A community of 30,000 US Transcriptionist serving Medical Transcription Industry
I wrote this essay about the negative impact VR and outsourcing has had on this field. I thought you guys might appreciate it.
HOW TECHNOLOGY KILLED THE MEDICAL TRANSCRIPTION FIELD
Long before I began working as a medical transcriptionist in 1993, others had been making a good living in the field for many years. For those unaware, medical transcriptionists (sometimes referred to as medical language specialists) are responsible for producing patients' medical records.
Listening through a set of headphones, we transcribe (decipher and type) what physicians, nurses and physician assistants dictate on the other end of the line. We are the unseen faces behind every patient's medical chart.
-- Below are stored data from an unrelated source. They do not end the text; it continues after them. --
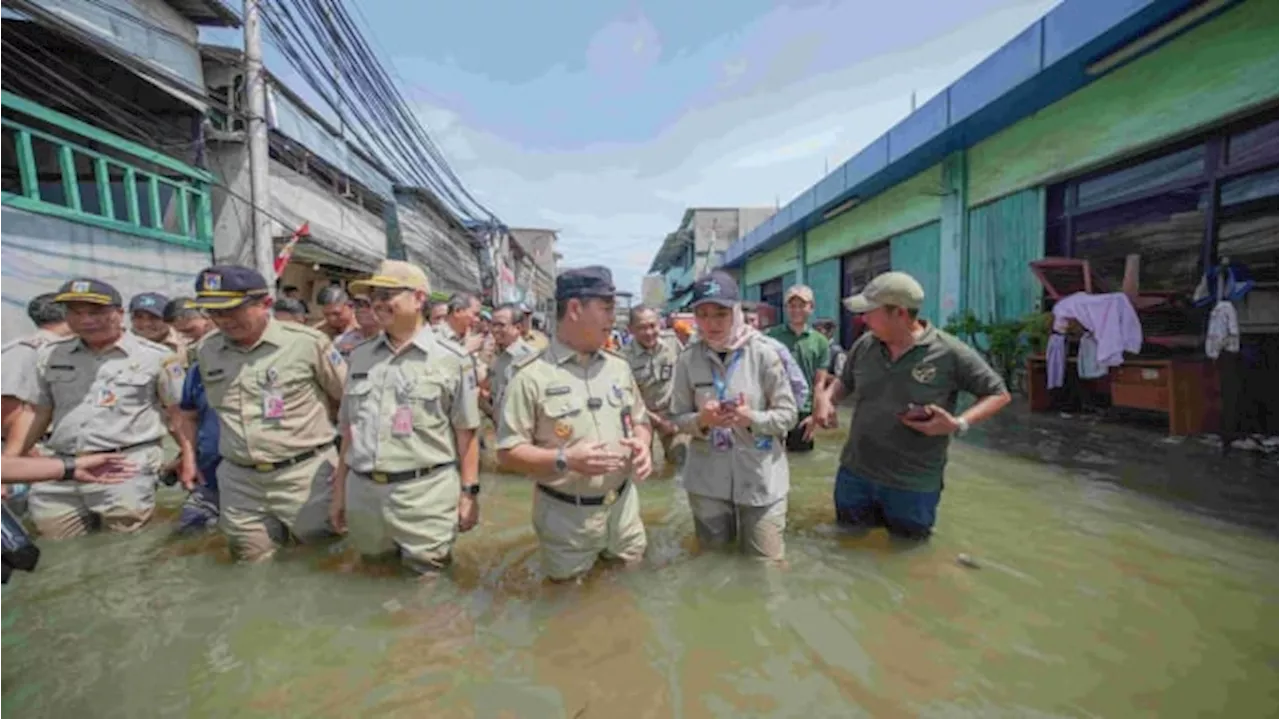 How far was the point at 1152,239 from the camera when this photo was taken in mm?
7570

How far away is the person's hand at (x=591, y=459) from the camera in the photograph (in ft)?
8.23

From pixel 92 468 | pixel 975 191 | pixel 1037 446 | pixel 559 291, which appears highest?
pixel 975 191

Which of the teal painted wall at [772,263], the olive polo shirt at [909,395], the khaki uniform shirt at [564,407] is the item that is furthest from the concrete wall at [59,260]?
the teal painted wall at [772,263]

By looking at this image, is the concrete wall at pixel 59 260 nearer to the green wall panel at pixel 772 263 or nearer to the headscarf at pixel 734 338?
the headscarf at pixel 734 338

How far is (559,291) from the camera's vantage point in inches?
111

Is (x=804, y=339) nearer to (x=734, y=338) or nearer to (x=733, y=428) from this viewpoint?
(x=734, y=338)

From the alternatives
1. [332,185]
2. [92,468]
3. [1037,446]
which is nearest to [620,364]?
[92,468]

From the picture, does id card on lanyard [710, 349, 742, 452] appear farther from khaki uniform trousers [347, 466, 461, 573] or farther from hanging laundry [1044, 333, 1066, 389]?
hanging laundry [1044, 333, 1066, 389]

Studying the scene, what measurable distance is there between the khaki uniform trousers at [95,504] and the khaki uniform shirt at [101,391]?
0.18 meters

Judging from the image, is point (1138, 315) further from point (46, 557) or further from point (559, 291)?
point (46, 557)

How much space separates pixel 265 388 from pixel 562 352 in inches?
66.4

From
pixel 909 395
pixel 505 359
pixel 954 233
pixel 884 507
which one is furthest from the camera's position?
pixel 954 233

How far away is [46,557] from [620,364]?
12.3 feet

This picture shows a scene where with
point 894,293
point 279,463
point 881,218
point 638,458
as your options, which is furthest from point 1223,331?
point 881,218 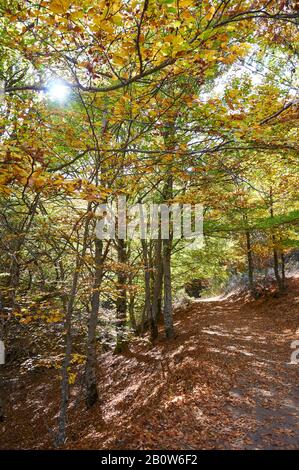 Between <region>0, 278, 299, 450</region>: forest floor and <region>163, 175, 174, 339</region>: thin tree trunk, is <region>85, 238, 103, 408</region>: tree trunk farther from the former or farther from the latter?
<region>163, 175, 174, 339</region>: thin tree trunk

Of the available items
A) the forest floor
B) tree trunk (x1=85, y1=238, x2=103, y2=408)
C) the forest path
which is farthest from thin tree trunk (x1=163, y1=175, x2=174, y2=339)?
tree trunk (x1=85, y1=238, x2=103, y2=408)

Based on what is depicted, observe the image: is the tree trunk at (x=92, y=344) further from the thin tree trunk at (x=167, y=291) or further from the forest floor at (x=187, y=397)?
the thin tree trunk at (x=167, y=291)

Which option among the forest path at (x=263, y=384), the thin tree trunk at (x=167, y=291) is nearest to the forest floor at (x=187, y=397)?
the forest path at (x=263, y=384)

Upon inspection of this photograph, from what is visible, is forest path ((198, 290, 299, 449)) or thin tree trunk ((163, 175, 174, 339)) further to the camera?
thin tree trunk ((163, 175, 174, 339))

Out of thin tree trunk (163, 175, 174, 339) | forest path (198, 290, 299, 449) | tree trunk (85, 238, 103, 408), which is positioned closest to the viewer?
forest path (198, 290, 299, 449)

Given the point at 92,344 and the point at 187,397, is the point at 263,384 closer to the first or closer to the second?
the point at 187,397

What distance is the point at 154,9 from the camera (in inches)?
127

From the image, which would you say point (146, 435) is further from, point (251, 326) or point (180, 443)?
point (251, 326)

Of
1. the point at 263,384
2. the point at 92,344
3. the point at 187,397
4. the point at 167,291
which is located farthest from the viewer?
the point at 167,291

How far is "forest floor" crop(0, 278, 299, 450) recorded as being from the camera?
4469mm

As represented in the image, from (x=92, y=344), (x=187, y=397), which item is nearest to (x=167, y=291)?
(x=92, y=344)

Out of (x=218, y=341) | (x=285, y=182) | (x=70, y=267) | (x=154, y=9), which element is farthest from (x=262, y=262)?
(x=154, y=9)

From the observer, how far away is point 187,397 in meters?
5.74

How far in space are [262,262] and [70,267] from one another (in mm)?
15439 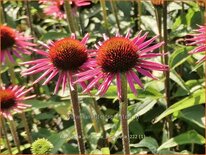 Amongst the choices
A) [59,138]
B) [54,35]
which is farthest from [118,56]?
[54,35]

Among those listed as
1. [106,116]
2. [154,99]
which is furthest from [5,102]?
[154,99]

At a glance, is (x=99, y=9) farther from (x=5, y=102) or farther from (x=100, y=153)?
(x=100, y=153)

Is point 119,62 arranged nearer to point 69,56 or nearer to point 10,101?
point 69,56

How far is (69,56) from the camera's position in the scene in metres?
1.22

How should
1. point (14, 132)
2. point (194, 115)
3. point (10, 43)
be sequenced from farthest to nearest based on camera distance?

Once a respectable, enjoyable and even lucrative field, medical transcription has devolved into a technological sweatshop. Not only have wages remained stagnant since the new millennium, but the introduction of voice recognition has actually reduced wages by nearly one-half.
Pitched as a software wonder that allows MTs to increase their productivity, VR attempts to capture spoken speech and reproduce the chart. Today's MT is little more than a proofreader, what the industry refers to as a voice recognition editor.
Rather than typing what we hear and ensuring its accuracy, we now go behind the VR and clean up its mistakes. And usually there are lots of mistakes, so many that it is often more productive to erase the chart and type it from scratch.
Aside from the frustration, and dare I say humiliation, of "training" the software to do our jobs for us, today's MT has seen her wages drastically reduced. Industry leaders claim this is because the VR is actually doing most of the work and, as such, we should be able to produce twice as many charts. But that is not the reality.
To reiterate my point, it takes most MTs longer to do a VR report than it does to transcribe the chart herself. And that's assuming there is any work to do. Like so many American companies these days, medical transcription is not immune to outsourcing. In fact, the practice has become increasingly common over the last few years, namely sending work to India.
Perhaps it's a result of our poor economy, or simply a result of executive greed, yet whatever the reason, most MTs would agree that they have witnessed a growing depletion of available work. And if we don't have work to produce, we don't get paid.
While most transcription services once compensated their employees with downtime when the work ran out (which was quite rare), those days are history. Today's climate is one of harsh indifference. MTs are at best a cheap means to increase company profits, at worst computer janitors tasked with cleaning up the software mess.
Despite all this, there are still plenty of transcription courses being offered for those individuals hoping to enter the field. So too are there companies that actively recruit new MTs.
Yet anyone considering a job in this field would do better waiting tables or flipping burgers. Don't be fooled into thinking otherwise. Medical transcription is dead. This is its eulogy.